Notre troisième objectif est le respect des droits des victimes, car c'est à elles que nous devons penser en priorité. Tel est le triptyque auquel nous devons donner un équilibre, nécessairement fragile parce que difficile à trouver.
Le projet de loi initial a été sensiblement modifié par la commission des lois, parfois contre l'avis du rapporteur. Je présenterai les principales modifications de manière détaillée, puis j'évoquerai rapidement les autres précisions et ajouts figurant dans le texte adopté et qui nécessiteraient peut-être encore débat.
La principale évolution adoptée par la commission, à l'initiative conjointe de Philippe Houillon et de moi-même, est la suppression de l'audition libre. Cette difficulté étant évacuée, ce sujet n'en est plus vraiment un aujourd'hui. Ce n'est pas tant l'idée d'un dispositif adaptable qui était en cause que la difficulté juridique qui en découlait. Cette affaire est désormais réglée ; je m'en réjouis et je remercie le Gouvernement, le ministre en particulier, de sa sagesse ainsi que nos collègues Éric Ciotti et Jean-Paul Garraud qui ont retiré leur amendement, facilitant ainsi les choses.

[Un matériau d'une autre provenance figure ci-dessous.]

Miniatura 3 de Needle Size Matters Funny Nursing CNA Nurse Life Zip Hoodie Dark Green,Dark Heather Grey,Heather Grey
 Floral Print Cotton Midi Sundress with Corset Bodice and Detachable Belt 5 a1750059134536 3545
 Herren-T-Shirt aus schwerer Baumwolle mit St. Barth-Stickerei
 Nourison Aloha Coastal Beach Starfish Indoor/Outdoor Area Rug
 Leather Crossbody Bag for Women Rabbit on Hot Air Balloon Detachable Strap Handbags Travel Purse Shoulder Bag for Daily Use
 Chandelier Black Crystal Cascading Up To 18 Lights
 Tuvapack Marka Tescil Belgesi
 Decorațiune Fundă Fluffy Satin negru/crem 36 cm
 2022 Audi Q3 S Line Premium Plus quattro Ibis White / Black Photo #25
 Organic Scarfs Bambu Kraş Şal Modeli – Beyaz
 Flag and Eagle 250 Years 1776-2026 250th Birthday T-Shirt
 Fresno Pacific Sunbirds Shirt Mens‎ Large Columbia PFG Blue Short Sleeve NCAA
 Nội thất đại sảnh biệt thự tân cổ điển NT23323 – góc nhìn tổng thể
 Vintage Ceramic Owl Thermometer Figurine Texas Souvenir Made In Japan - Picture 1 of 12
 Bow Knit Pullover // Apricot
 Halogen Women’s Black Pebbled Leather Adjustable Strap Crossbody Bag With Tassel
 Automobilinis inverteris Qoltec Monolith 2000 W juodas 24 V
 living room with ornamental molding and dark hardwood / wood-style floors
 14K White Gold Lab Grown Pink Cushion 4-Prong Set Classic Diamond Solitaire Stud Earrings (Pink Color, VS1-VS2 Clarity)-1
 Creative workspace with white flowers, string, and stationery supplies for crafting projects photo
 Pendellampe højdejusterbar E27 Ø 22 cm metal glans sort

La deuxième évolution importante, adoptée contre l'avis du rapporteur, est le contrôle de l'exécution de la garde à vue par un juge du siège – celui des libertés et de la détention – ou, à défaut, par le président du tribunal de grande instance plutôt que par le procureur. Je crois très important de revenir sur ce vote, qui me semble fondé sur une lecture ambiguë, voire mauvaise, des textes et de la jurisprudence. Il nous faudra revenir sur ce point majeur. Au-delà des aspects juridiques, sans doute plus ou moins discutables, il met en cause des aspects pratiques de la chaîne pénale française, qui a fait ses preuves et qu'il importe de ne pas désorganiser. Les procureurs ont fait la preuve de leur efficacité, leur compétence est aujourd'hui reconnue. Il ne faut pas casser ce système qui fonctionne.
La commission a par ailleurs précisé et complété des dispositions importantes relatives à l'assistance de la personne gardée à vue par un avocat. Un délai de carence de deux heures a été institué, avant l'expiration duquel la première audition du gardé à vue ne pourra pas débuter. C'est une exception qui peut paraître curieuse et qui a fait débat. Ce délai de carence a pour but de laisser à l'avocat le temps de se rendre dans les locaux où se déroule la garde à vue et d'agir de façon à rendre le droit effectif, concret.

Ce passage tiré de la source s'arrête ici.